It would be hypercriticism to descant upon the beauties and defects of a play that has undergone, from its very first appearance up to the present moment, investigation the most severe; that has been the theme of every dramatic censor who has examined into its construction, or pointed to it as a fair subject of comparison with the works of those who have either preceded or succeeded its author.

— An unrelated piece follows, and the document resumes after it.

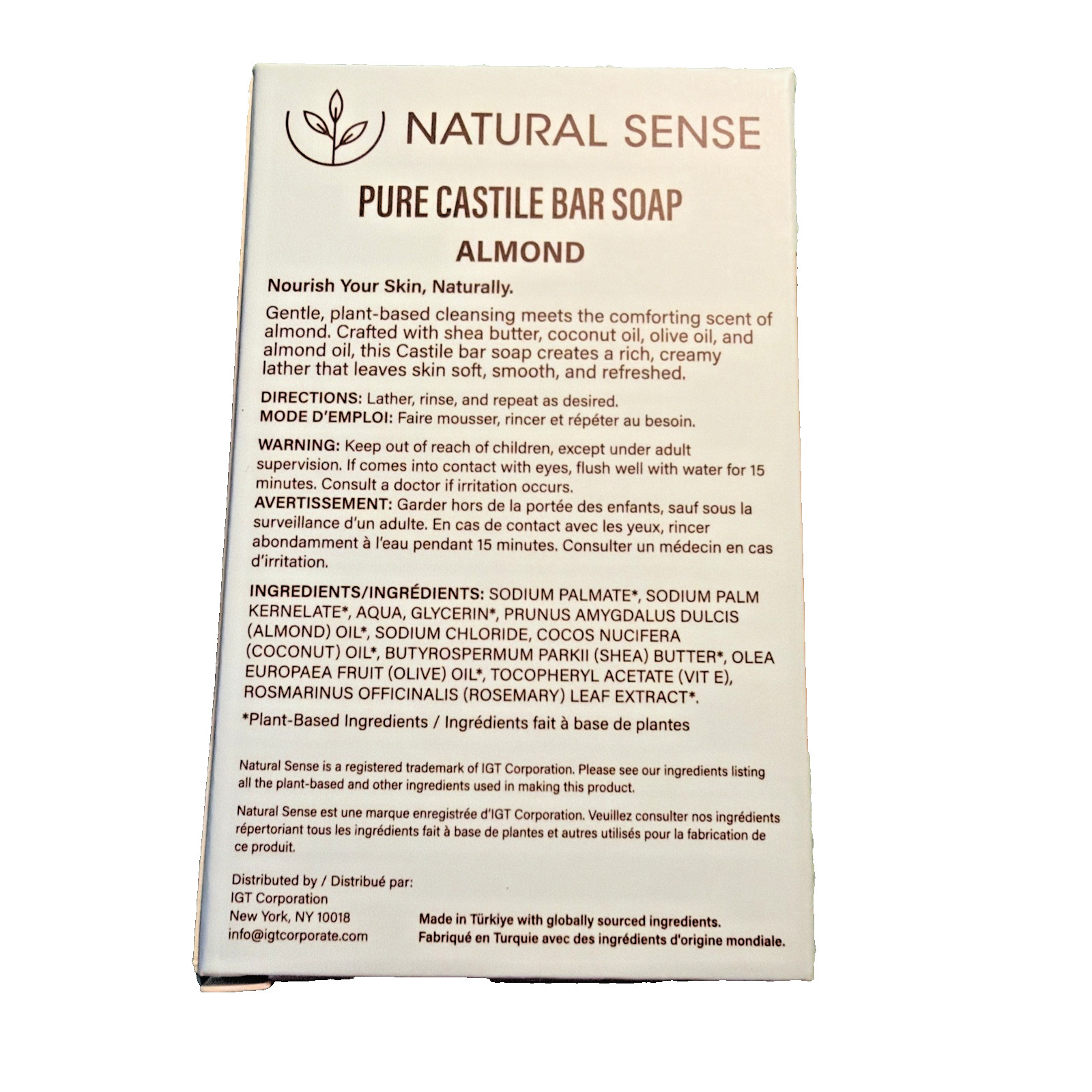 Natural Sense Pure Castile Almond Bar Soap Plant Based Shea Coconut Olive Oil 11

The too constant sparkle of the dialogue, the want of connection of the scandalous college with the plot of the play, the imitation of Fielding's Blifil and Tom Jones, the investment of such a libertine as Charles with qualities that make us forget his vices, and a vast number of incongruities have been very wisely and very learnedly pointed out, and have been descanted upon with very commendable severity; but, after all, we are so charmed with the ingenuity, with the endless richness of the dialogue, that we are never tired with reading it, or with seeing it on the stage. We admire Sir Peter Teazle in spite of his uxoriousness, his oldbachelor ideas; in the hand of any other dramatist he

would have been ridiculous, but he is invested with a certain dignity, a tenderness of feeling, and a sense of honour, that although we must laugh at him when his unenviable position is discovered, we are glad to find that he is likely to become a happy husband, after all his mortifications. We are just on the point of thinking that Lady Teazle must become the victim of her taste for extravagance and shining in scandalous society, whilst we feel she deserves a better fate, when we gladly find that she is rescued from her false position. Even Joseph Surface is delightful to us; the duplicity of his conduct, the sentimental hypocrisy of his heart are so thoroughly laid open to us, that we are convinced that he cannot be ultimately successful; we are not so anxious for even-handed justice being done to him, as we are to the dramatic villain of a novel, and we are perfectly satisfied with the punishment he meets in the exposure of his schemes. Charles's irregularities do not shock or disgust us; they are punished by the reproaches which he has to encounter from every one. We are happy in the conclusion that everything that annoyed the different parties is amicably arranged; it is this that reconciles us to the fifth act, for at the end of the fourth act the denouement has taken place, the fall of the screen in a common play would have been the be-all and end-all, and, as occurs in the "Merchant of Venice," the act after the condemnation of the principal character, however beautiful is the poetry, the interest would altogether have ceased. Yet after this exciting scene we are pleased that there is another act to wind up the story, and to tell us how everybody has got out of the scrape. Of the original acting we have heard much. That Garrick was delighted with it, we may conclude

not only from Murphy's observations in his Life of the great actor, but from a letter from him which has been preserved, in which he makes some remarks upon the length of time the characters on the stage stood after the falling of the screen; he observes "that they should be astonished, a little petrified, yet it may be carried to too great a length." The conventional points which have been handed down to us are not many in number, but such as they are they show that the manner of acting was carefully studied, and therefore are strictly preserved. The acting of the late Matthews in Sir Peter Teazle is said to have been in strict conformity with the early stage directions; the pointing to the screen with the thumb, the leer and the movements of the elbows were precisely the same as practised by King, and as they usually convulsed the audience with laughter, we have a right to suppose that man, in different generations, expresses his feelings much in the same way. It has, however, been said that Sheridan was himself never satisfied; he requested permission to read the part over to Matthews, with whose delineation he expressed himself by no means pleased.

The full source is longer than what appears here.